Supplied material:
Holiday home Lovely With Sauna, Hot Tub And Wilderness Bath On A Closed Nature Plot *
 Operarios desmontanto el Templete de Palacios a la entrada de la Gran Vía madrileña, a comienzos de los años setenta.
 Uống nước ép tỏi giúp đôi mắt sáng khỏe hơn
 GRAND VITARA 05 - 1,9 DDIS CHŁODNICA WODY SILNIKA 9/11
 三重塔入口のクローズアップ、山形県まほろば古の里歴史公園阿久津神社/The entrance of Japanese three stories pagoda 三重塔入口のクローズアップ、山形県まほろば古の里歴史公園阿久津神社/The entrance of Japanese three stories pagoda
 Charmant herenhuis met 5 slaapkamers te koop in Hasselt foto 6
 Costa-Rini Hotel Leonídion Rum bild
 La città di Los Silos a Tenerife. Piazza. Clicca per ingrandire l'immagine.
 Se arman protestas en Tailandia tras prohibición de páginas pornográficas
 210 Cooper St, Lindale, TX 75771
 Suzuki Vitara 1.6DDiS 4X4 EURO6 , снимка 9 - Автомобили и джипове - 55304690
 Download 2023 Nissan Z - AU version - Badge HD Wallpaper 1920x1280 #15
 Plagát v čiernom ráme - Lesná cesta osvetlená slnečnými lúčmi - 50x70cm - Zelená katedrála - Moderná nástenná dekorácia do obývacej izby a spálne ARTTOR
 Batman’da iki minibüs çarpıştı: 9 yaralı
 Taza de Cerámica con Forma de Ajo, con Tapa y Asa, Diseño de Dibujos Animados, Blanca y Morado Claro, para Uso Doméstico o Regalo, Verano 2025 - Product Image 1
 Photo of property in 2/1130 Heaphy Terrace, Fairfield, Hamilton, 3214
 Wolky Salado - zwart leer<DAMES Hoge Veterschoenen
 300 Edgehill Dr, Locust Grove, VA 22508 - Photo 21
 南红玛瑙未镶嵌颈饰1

Task objective: The data should be transcribed exactly, line for line.

Exercise answer:
Holiday home Lovely With Sauna, Hot Tub And Wilderness Bath On A Closed Nature Plot *
 Operarios desmontanto el Templete de Palacios a la entrada de la Gran Vía madrileña, a comienzos de los años setenta.
 Uống nước ép tỏi giúp đôi mắt sáng khỏe hơn
 GRAND VITARA 05 - 1,9 DDIS CHŁODNICA WODY SILNIKA 9/11
 三重塔入口のクローズアップ、山形県まほろば古の里歴史公園阿久津神社/The entrance of Japanese three stories pagoda 三重塔入口のクローズアップ、山形県まほろば古の里歴史公園阿久津神社/The entrance of Japanese three stories pagoda
 Charmant herenhuis met 5 slaapkamers te koop in Hasselt foto 6
 Costa-Rini Hotel Leonídion Rum bild
 La città di Los Silos a Tenerife. Piazza. Clicca per ingrandire l'immagine.
 Se arman protestas en Tailandia tras prohibición de páginas pornográficas
 210 Cooper St, Lindale, TX 75771
 Suzuki Vitara 1.6DDiS 4X4 EURO6 , снимка 9 - Автомобили и джипове - 55304690
 Download 2023 Nissan Z - AU version - Badge HD Wallpaper 1920x1280 #15
 Plagát v čiernom ráme - Lesná cesta osvetlená slnečnými lúčmi - 50x70cm - Zelená katedrála - Moderná nástenná dekorácia do obývacej izby a spálne ARTTOR
 Batman’da iki minibüs çarpıştı: 9 yaralı
 Taza de Cerámica con Forma de Ajo, con Tapa y Asa, Diseño de Dibujos Animados, Blanca y Morado Claro, para Uso Doméstico o Regalo, Verano 2025 - Product Image 1
 Photo of property in 2/1130 Heaphy Terrace, Fairfield, Hamilton, 3214
 Wolky Salado - zwart leer<DAMES Hoge Veterschoenen
 300 Edgehill Dr, Locust Grove, VA 22508 - Photo 21
 南红玛瑙未镶嵌颈饰1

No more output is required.